SuperLetoy HL-2 (Supertoy ding, sorry), Siapa yang Bertanggungjawab?

Oleh Kabelan Kunia

Beberapa hari terakhir kita disibukkan dengan berita yang cukup mengenaskan hati, tragedi padi Supertoy HL-2 di beberapa wilayah di Jawa Tengah.

Lagi-lagi masalah ini mengkaitkan dengan kebiasaan presiden kita SBY yang gandrung tebar pesona dengan berbagai proyek yang diproyeksi dapat mengangkat popularitas, lebih-lebih menjelang April 2009.

Sebenarnya saya tidak tertarik untuk membahas masalah ini. Tapi, saya agak 'gatal' karena melihat banyak sekali korban yang tak berdaya, yaitu masyarakat kecil alias petani dalam kasus ini. Bayangkan, dengan kondisi normal saja petani kita sudah tidak dapat dikatakan hidup normal dengan pendapatan mereka yang minus. Ditambah himpitan hidup yang kian mendesak, minyak tanah langka dan mahal, gas tidak punya, kalaupun dapat jatah dari pemerintah, selanjutnya mereka tidak bisa membeli gas yang harganya kian meroket tanpa kompromi.

Tiba-tiba datang malaikat penolong, seolah-olah menawarkan sorga yang terang-benderang dengan mengatasnamakan Staf Khusus Presiden RI. Janji mulai ditebarkan. Bibit Supertoy HL-2mulai disemai yang katanya super karena dapat dipanen tiga kali dalam setahun tanpa melakukan penanaman berulang dengan hasil mencapai 13 ton/ hektar.
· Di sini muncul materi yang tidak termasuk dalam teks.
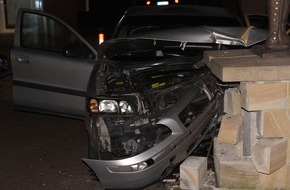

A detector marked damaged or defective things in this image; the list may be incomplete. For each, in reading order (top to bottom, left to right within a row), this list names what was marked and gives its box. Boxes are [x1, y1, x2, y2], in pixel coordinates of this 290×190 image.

crumpled hood [98, 26, 268, 60]
broken headlight [89, 98, 134, 114]
bent bumper [81, 90, 220, 189]
damaged vehicle front end [82, 26, 268, 189]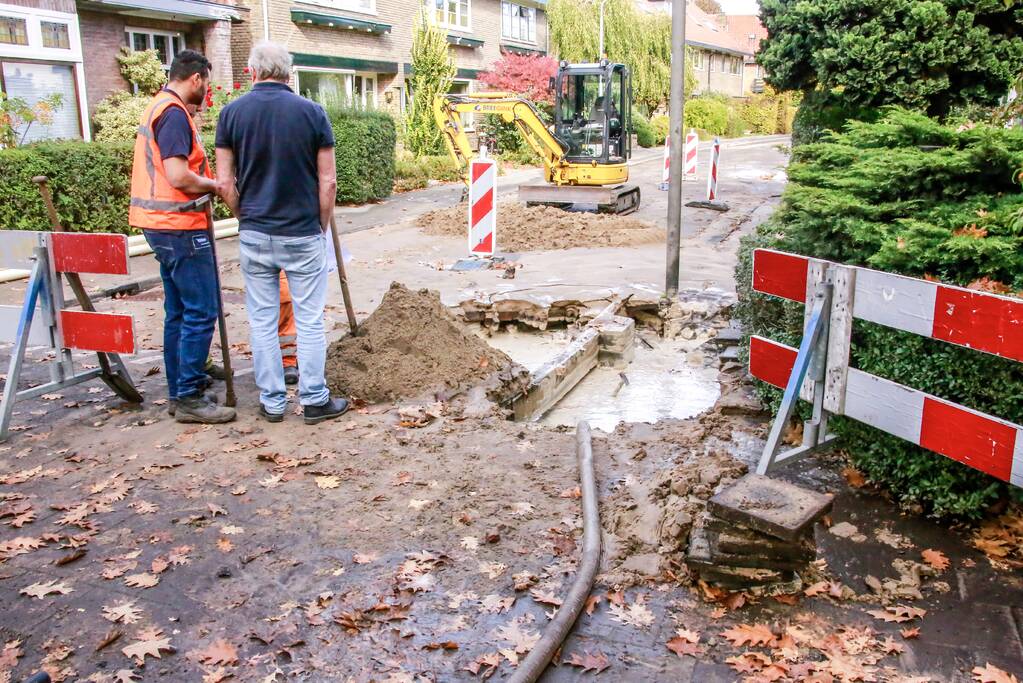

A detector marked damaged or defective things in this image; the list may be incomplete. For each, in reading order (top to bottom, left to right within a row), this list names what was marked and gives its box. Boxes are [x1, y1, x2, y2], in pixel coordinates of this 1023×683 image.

broken concrete slab [707, 474, 834, 543]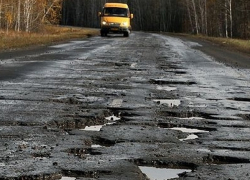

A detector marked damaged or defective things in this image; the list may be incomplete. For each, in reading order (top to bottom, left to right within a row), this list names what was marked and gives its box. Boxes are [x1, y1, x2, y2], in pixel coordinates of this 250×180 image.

puddle in pothole [79, 114, 119, 131]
Ah, siapa orang yang tidak tergiur dan percaya. Utusan pemerintah gitu loh.....
Aduh, rakyatku yang malang, rupanya engkau masuk dalam perangkap dan jebakan orang yang tidak bertanggungjawab.

Konon, pada panen perdana yang penuh seremonial oleh Bapak SBY, dilaporkan varietas Super ini hanya memproduksi padi 7,3 ton/hektar saja. Nah, pada penen kedua yang menghebohkan karena amuk petani sudah tidak dapat dibendung, gagal total alias tidak berproduksi.
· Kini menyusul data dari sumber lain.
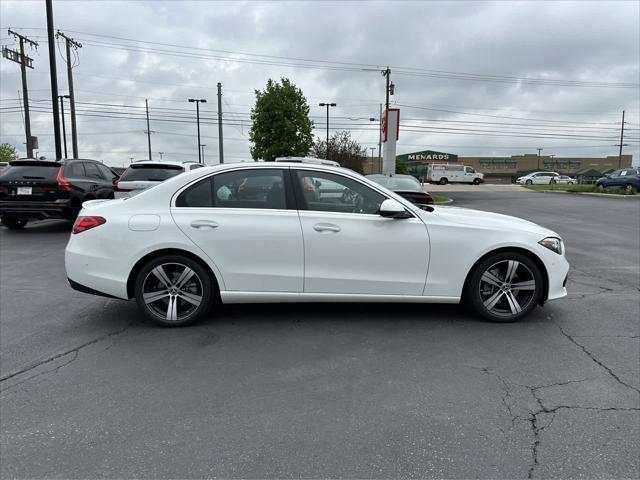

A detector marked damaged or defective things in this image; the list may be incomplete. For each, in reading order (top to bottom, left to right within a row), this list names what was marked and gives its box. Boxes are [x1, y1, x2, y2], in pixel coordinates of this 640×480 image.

crack in asphalt [0, 322, 134, 386]
crack in asphalt [552, 320, 640, 396]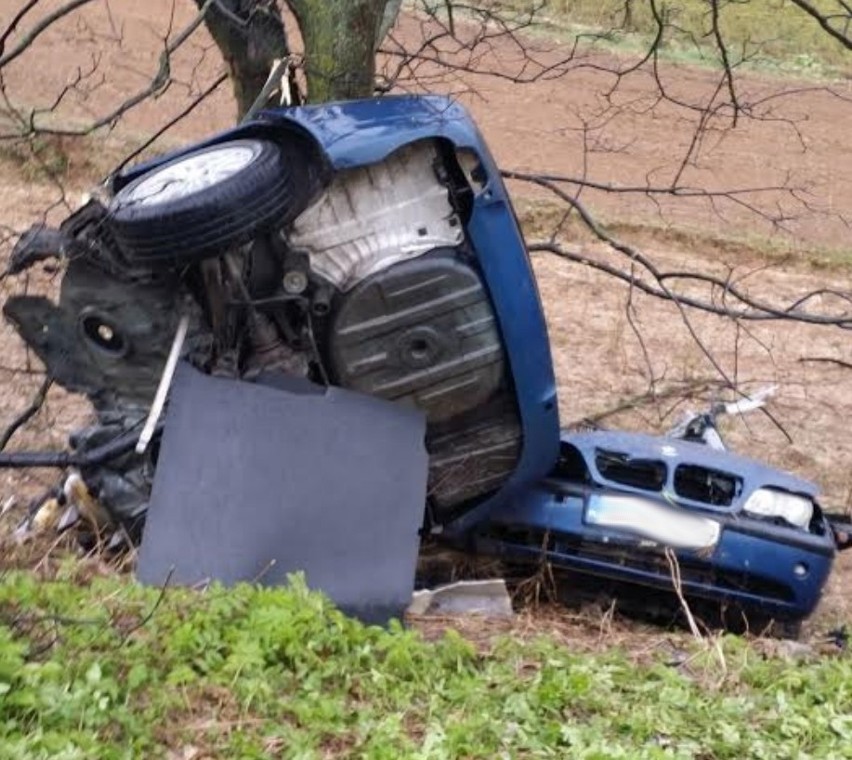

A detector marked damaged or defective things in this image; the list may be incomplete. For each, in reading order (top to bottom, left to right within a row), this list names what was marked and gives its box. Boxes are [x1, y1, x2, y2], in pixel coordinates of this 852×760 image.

detached wheel [110, 138, 312, 262]
overturned vehicle [3, 95, 848, 628]
detached front bumper [476, 484, 836, 620]
broken headlight [744, 486, 812, 528]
Setelah semua terjadi, siapa yang bertanggungjawab. Pemerintah jelas-jelas dari beberapa kali pernyataan tidak bertanggungjawab. SBY lewat juru bicarannya merasa tidak terlibat. Pemerintah dalam hal ini Deptan lewat menterinya, merasa kecolongan dan tidak pernah diminta oleh panpel atau SBY sendiri ngurusi ujicoba varietas padi baru ini.

Nah, lho, siapa yang dapat bantu petani kita yang ketiban sial? Beginikah presiden kita yang hebat dan pemerintah kita yang amburadul ini bersikap? Gampang sekali melempar tanggungjawab setelah keringat rakyat kecil disedot lewat proyek yang tidak jelas ini?
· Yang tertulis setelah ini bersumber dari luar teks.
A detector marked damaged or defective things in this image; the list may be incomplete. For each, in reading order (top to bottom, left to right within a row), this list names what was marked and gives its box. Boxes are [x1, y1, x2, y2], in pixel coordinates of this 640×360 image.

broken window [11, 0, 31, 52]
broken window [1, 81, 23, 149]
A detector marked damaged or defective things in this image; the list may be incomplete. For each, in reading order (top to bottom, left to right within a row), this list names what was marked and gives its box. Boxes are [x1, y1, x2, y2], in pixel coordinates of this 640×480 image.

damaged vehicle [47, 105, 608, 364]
Saya yakin, kalaulah proyek ini sukses, bisa dibayangkan akan banyak sekali orang yang ngacungin telunjuk karena merasa mereka yang paling berjasa mensukseskan proyek ini. Sudah barang tentu presiden kita dengan bangga menyampaikan pidoto kenegaraan di depan sidang paripurna DPR/ MPR di Senayan sana atau mungkin buru-buru kontak ke PBB untuk pidoto di markasnya di Washington sana.

Tapi, nasi sudah jadi bubur. Rupanya pejabat dan pemimpin kita tidak belajar dari pengalaman, termasuk pengalaman pahit sekalipun. Rupanya Presiden SBY dan timnya tidak belajar dari kasus Blueenergi Mr. Joko Suprapto yang jelas-jelas mengkadali lembaga kepresidenan.

Nah, kalo udah begini, kita harus bertanya, pantas tidak pemimpin berprilaku instan memimpin bangsa yang ingin maju tapi dengan cara yang tidak benar. Jawabannya kita tunggu April 2009.